DENVER BRONCOS because of George Corpsegrinder

PHILADELPHIA EAGLES because of Erik Rutan.



Please state your opinions with full argumentation if need be ...........


----------



## Ralyks (Aug 11, 2011)

... IF you're limiting yourself to those three, Raiders. Mostly because I don't care about the Broncos, and as a NY Giants fan, and Eagles being our rivals...


----------



## synrgy (Aug 11, 2011)

As much as I'm vehemently against all three lol, I'd say the Eagles stand the largest chance of being an exciting team to watch. They did _really_ well last season.


----------



## Razzy (Aug 11, 2011)

synrgy said:


> As much as I'm vehemently against all three lol, I'd say the Eagles stand the largest chance of being an exciting team to watch. They did _really_ well last season.



Dude, Raiders fans stab people in the parking lot. You don't get more exciting than that.


----------



## Guitarman700 (Aug 11, 2011)

Detroit Lions. 
Trollface.JPG


----------



## Demiurge (Aug 11, 2011)

If you're to choose by which team would be the most compelling if successful, then the Raiders by a country mile.

The Broncos are a huge question mark as to what kind of season they're going to have and not in a good/interesting kind of way. Also, their piss-yellow & brown alternate "retro" jerseys with the argyle-pattern end zone make me want to burn the planet down.

The Eagles obviously made a lot of great acquisitions, but they did not acquire a new head coach to replace Andy Reid. They may have enough talent to rise above their coaching, but I can't imagine anyone in Philly feeling good about seeing Vince Young behind center after Mike Vick takes one too many big hits scrambling out of the pocket. It's a gamble, and you don't want to look like a front-runner if they have a great season.

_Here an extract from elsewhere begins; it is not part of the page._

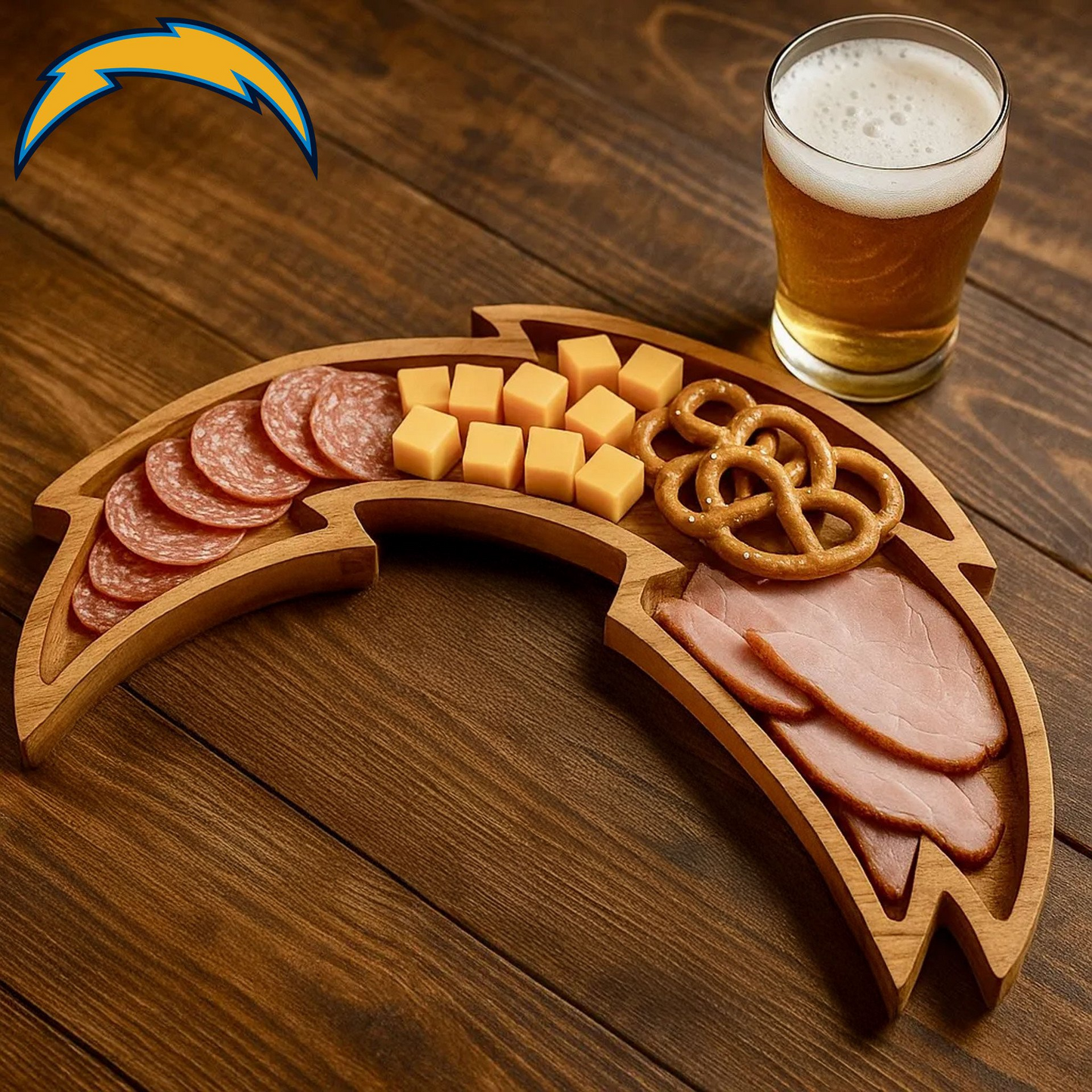 Premium NFL LAC Game Day Platter V1 NMD TTV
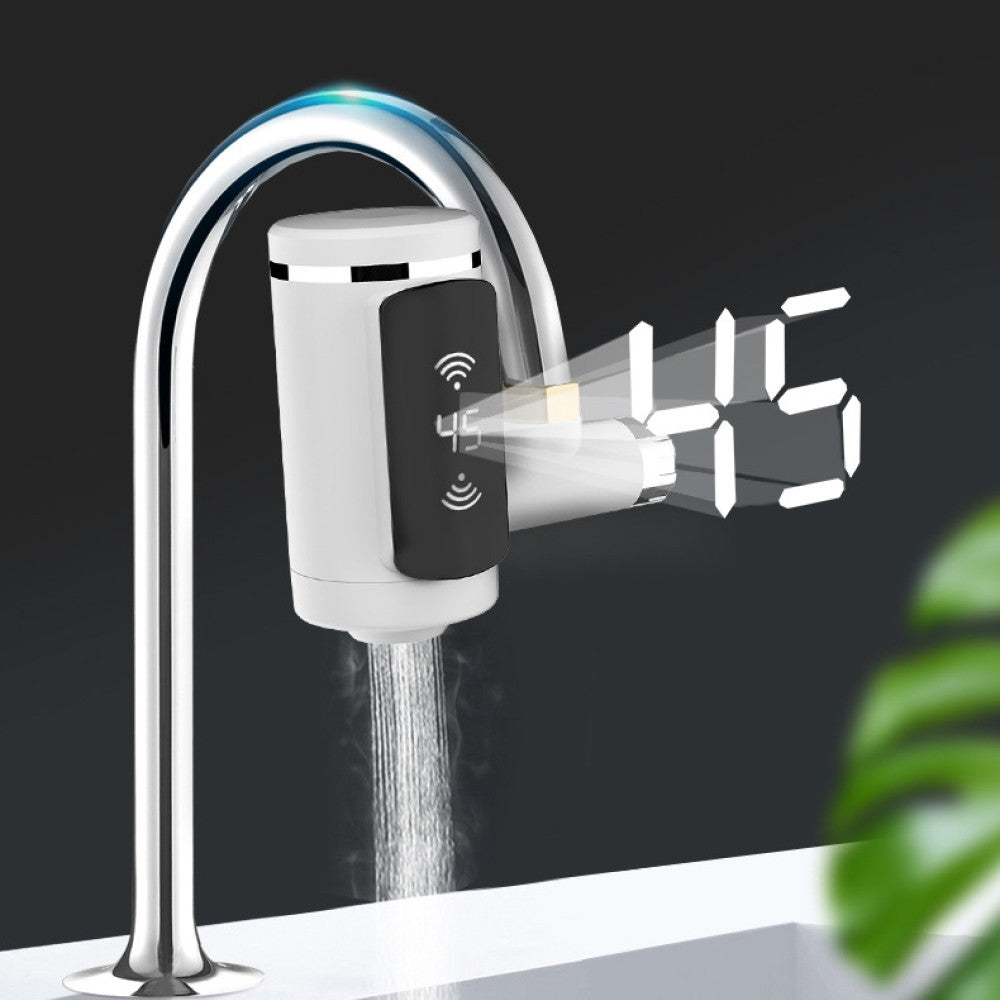 Проточний водонагрівач 3000Вт, Water Heater, Білий / Електричний водонагрівач на кран / Нагрівач води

Raiders- they have the image, they have some talent, and while they might not be "there" yet as a contender, I bet that they have a solid season. You'll look smart by backing them if they do well, as opposed to lucky with the Broncos or (as already stated) front-runner-y with the Eagles.


----------



## longfxukxnhair (Jan 6, 2013)

The Raiders


----------



## Bodes (Jan 6, 2013)

As a fellow Aussie, go for Baltimore. They seem to be shown more on channel OneHD, so more viewing pleasure.


----------



## longfxukxnhair (Jan 6, 2013)

patriots


----------



## Pav (Jan 11, 2013)

I'd go Broncos. My Steelers heritage says fuck the Eagles and the Broncos with Peyton will allow you to enjoy far more wins than the Raiders will.


----------



## Ralyks (Jan 18, 2013)

Well, here we are a year or so later, and the Broncos were the only team of those to make the playoffs... Or win more than 4 games...


----------



## TRENCHLORD (Jan 18, 2013)

Follow the Bears (da' bears), because we can all use a good laugh sometimes.


----------